Observons maintenant que, pour des raisons excellentes d’ailleurs, les chiffres indiqués plus haut ont trait aux accusations et non simplement aux condamnations. Or la proportion des acquittements depuis un demi-siècle, soit devant les tribunaux, soit devant les cours d’assises, ayant beaucoup diminué, l’abaissement de la grande criminalité si nous prenions pour base de son évaluation le chiffre des condamnations et non celui des accusations, nous apparaîtrait bien affaibli.

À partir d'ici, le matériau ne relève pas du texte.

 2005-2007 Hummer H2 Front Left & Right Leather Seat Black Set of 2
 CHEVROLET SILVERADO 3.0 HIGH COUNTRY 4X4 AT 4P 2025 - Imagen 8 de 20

Remarquons en outre que la répression est loin d’être devenue plus sévère. Il est vrai que le personnel de la gendarmerie et de la police a doublé ; mais en revanche la magistrature s’est efforcée constamment de s’accommoder d’avance, de s’adapter, comme dirait un spencérien, à la faiblesse de mieux en mieux connue d’un jury de plus en plus imprégné du pseudo-libéralisme ambiant, de la sentimentalité émolliente dont bénéficient les criminels. « De peur d’un acquittement, » expression courante dans les parquets, les cabinets d’instruction et les chambres de mises en accusation, l’on voit le ministère public, les juges d’instruction, les conseillers se montrer chaque jour plus exigeants en fait de preuves, ce qui du reste est souvent fort louable. À cela tient la proportion sans cesse décroissante des affaires criminelles terminées par un verdict négatif. De 82 pour 100, les accusations entièrement rejetées par le jury ont passé par degrés à 17 pour 100. Puisqu’il est notoire que le jury n’est nullement plus rigoureux que par le passé, ce résultat ne peut être attribué qu’à la « scrupuleuse attention que les magistrats apportent de plus en plus à l’examen des affaires avant d’en ordonner le renvoi devant les juridictions compétentes ».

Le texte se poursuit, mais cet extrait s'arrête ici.